Le gouvernement Trudeau vient d'adopter une loi qui forcera chaque province à tarifier le carbone à partir de 2019. Certaines provinces, comme le Québec et la Colombie-Britannique, le font déjà par l'entremise d'une taxe ou d'un marché du carbone. Pour elles, rien ne changera. La mesure vise plutôt les provinces qui s'obstinent encore à ne rien faire, comme la Saskatchewan.

À Ottawa, l'opposition conservatrice s'insurge. Depuis la semaine dernière, elle répète la même question : combien ça coûtera aux familles ?

La formulation est tendancieuse, car la tarification du carbone n'est qu'un coût. C'est aussi un revenu - par exemple, le Québec le réinvestit dans le Fonds vert, qui finance la réduction des gaz à effet de serre*. Et en plus d'être un revenu, cette tarification constitue aussi un incitatif pour encourager les technologies vertes et dissuader la pollution.

Il faudrait donc s'intéresser au coût net de la tarification du carbone, en évaluant l'ensemble des effets. Mais les conservateurs fédéraux n'ont pas envie d'un débat sérieux. Ils n'ont qu'un but : alimenter la colère des Canadiens.

Pour cela, ils ont maintenant un précieux allié à Toronto, le conservateur Doug Ford. Tel que promis en campagne, le premier ministre désigné de l'Ontario veut que sa province quitte le marché du carbone auquel participent le Québec et la Californie.

Sa décision se base sur des fausses prémisses. Le marché du carbone ne tue pas la croissance de l'économie ou la création d'emplois - le Québec en constitue un bon exemple. Il stimule même l'innovation, en incitant les entreprises à rénover leurs infrastructures.

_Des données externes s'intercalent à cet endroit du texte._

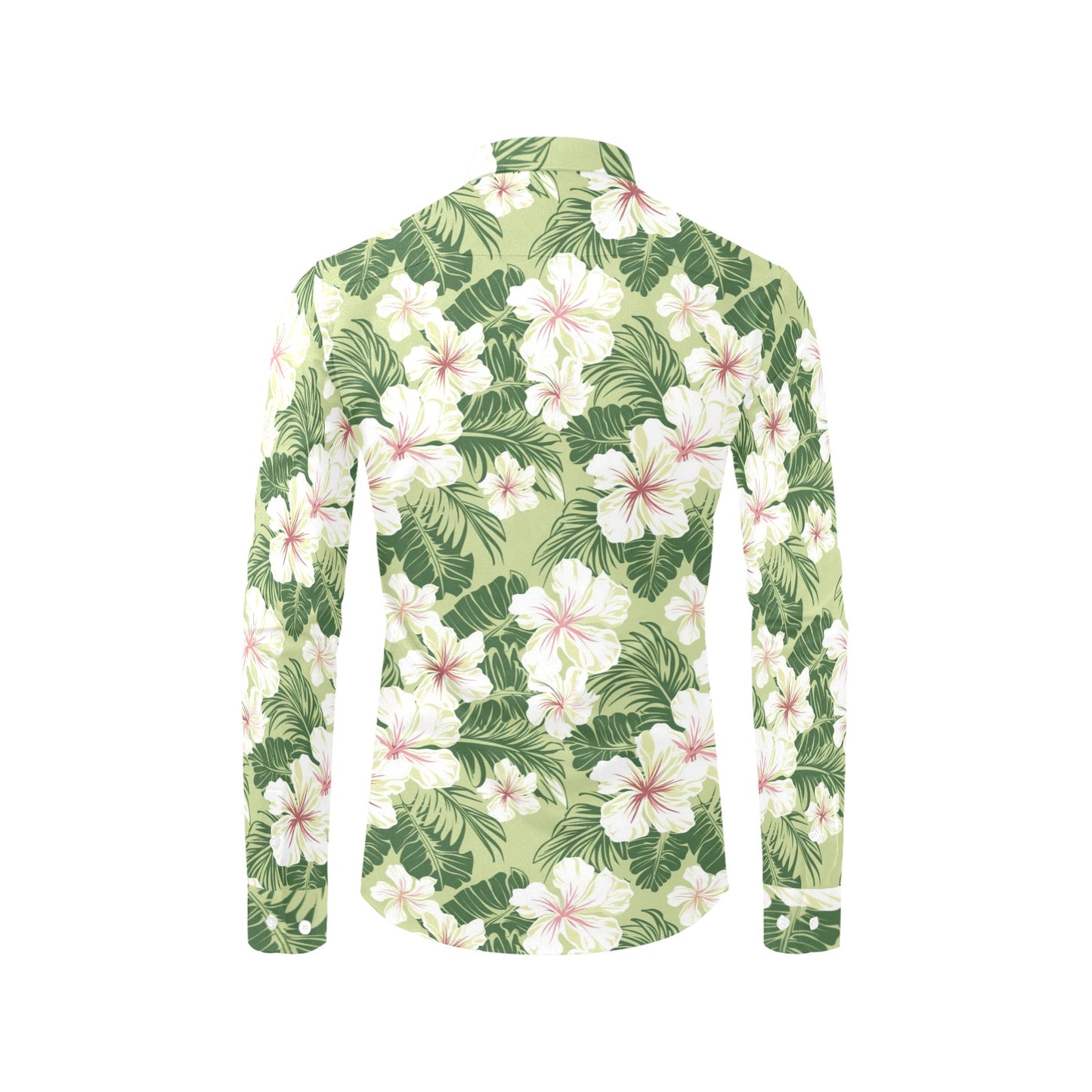 Green Hibiscus Long Sleeve Men Button Up Shirt, Hawaiian White Tropical Print Casual Dress Buttoned Collar Chest Pocket Lightweight Male - Starcove Fashion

Et surtout, la décision de M. Ford est inapplicable. À partir de 2019, Ottawa exigera que chaque province tarifie le carbone. Résultat, l'Ontario devra changer son marché du carbone actuel pour une taxe fédérale. Et ses entreprises perdront pour près de 2 milliards en crédits d'émission déjà achetés. M. Ford nuit à ces sociétés en propageant ce qu'elles détestent le plus, l'incertitude.

Les conservateurs ont raison sur un élément : sans tarification du carbone, l'essence coûterait environ 5 cents de moins par litre en Ontario. On sympathise avec les Ontariens, qui paient leur énergie très cher, entre autres à cause des erreurs du précédent gouvernement libéral de la province. Mais l'environnement ne devrait pas être la victime collatérale de leur frustration.

Dans tout ce débat, il y a un mot que les conservateurs ne mentionnent jamais : climat. Si on ne tarifie pas le carbone, quel serait l'effet sur les émissions de gaz à effet de serre ?

M. Ford et les troupes d'Andrew Scheer ne répondent pas. S'ils croient aux changements climatiques, ils le cachent très bien.

Le gouvernement Trudeau a repris les cibles de réduction de GES de son prédécesseur, Stephen Harper. Pour l'instant, le plan libéral ne permet pas encore de les atteindre. Mais les conservateurs se battent aujourd'hui pour aggraver l'échec.

Le débat serait plus franc si M. Scheer avait l'honnêteté de dire qu'il ne croit pas que le Canada doit lutter contre les changements climatiques. S'il avouait son plan à lui : prendre l'accord de Paris, et l'enfouir quelque part au pôle Nord.

* Le bureau du Vérificateur général a souvent dénoncé le Fonds vert par le gouvernement libéral. Ses rapports démontrent que plusieurs dépenses contribuent peu à réduire les GES. Reste toutefois qu'il serait possible de bien gérer le Fonds pour qu'il atteigne son objectif.